Your output should be the lines from the one with "this 340×270 image." through the last line of the records below, exactly as written, minus the pictures.

====

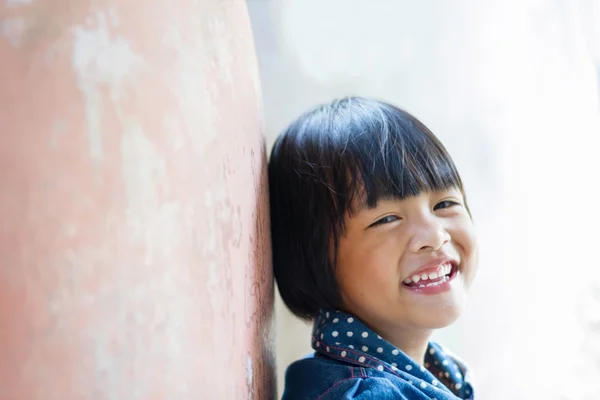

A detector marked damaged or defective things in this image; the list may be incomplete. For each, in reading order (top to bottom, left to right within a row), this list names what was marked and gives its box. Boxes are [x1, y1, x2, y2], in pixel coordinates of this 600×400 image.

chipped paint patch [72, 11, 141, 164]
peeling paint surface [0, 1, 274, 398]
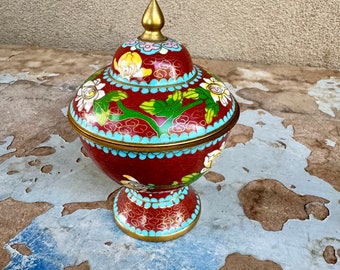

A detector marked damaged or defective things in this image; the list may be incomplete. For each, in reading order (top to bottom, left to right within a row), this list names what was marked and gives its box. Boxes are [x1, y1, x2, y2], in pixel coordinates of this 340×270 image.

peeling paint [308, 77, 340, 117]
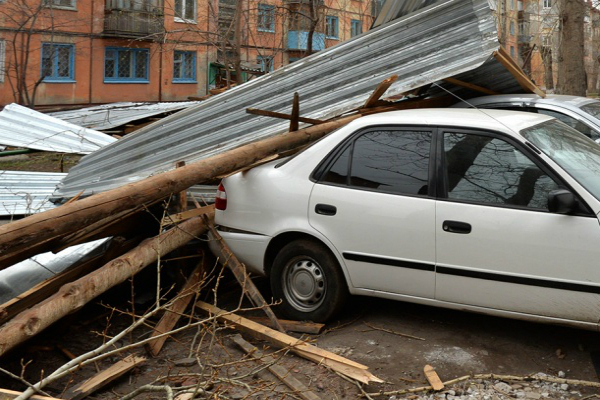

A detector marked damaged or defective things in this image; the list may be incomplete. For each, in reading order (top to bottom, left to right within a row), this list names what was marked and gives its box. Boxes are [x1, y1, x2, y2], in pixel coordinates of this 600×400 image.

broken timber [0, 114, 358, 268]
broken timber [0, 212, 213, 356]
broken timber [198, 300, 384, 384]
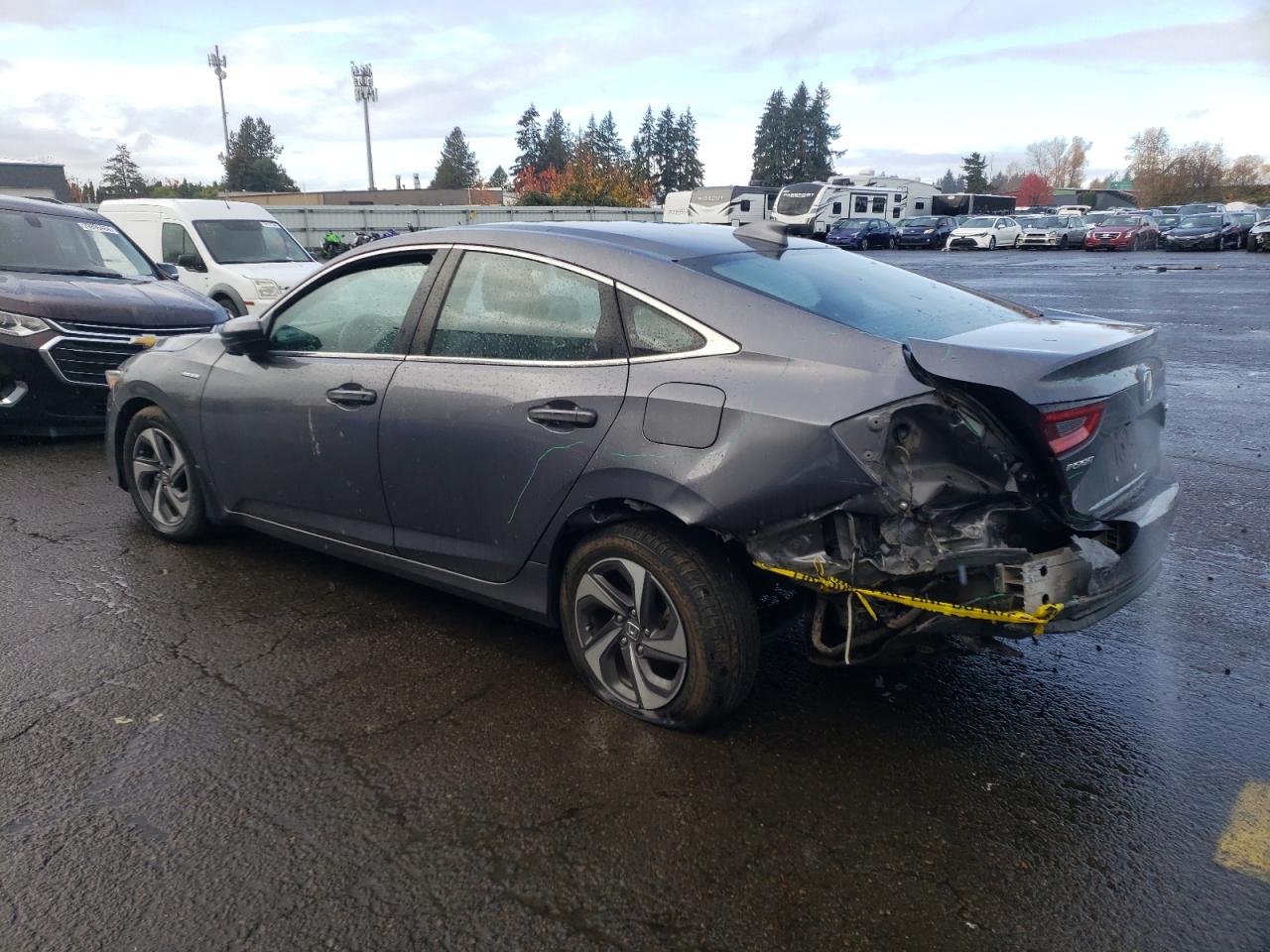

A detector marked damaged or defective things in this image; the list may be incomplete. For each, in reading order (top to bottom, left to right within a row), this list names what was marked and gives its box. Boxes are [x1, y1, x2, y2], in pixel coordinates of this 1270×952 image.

====

— COMPLETED TASK —
A detector marked damaged or defective things in this image; the list may be incomplete. For each, in reading order (top to bottom, left to right within a row), this list names what was marked and gives its box. Boxes are [x1, y1, x2, y2], in pixel coordinates of this 340×270 image.

peeling paint [308, 77, 340, 117]

A detector marked damaged or defective things in this image; the list may be incomplete. For each, in reading order (top to bottom, left to right within a row), this list names what was marked and gives its box. Boxes are [x1, y1, x2, y2], in pixel coordinates of this 600×400 image.

broken timber [0, 114, 358, 268]
broken timber [0, 212, 213, 356]
broken timber [198, 300, 384, 384]

A detector marked damaged or defective things in this image; the list may be incomplete. For each, in reading order (top to bottom, left to right within a row), this list names what was marked and gives its box. Boxes are [x1, y1, x2, y2], in pixel coordinates of this 1270×952 image.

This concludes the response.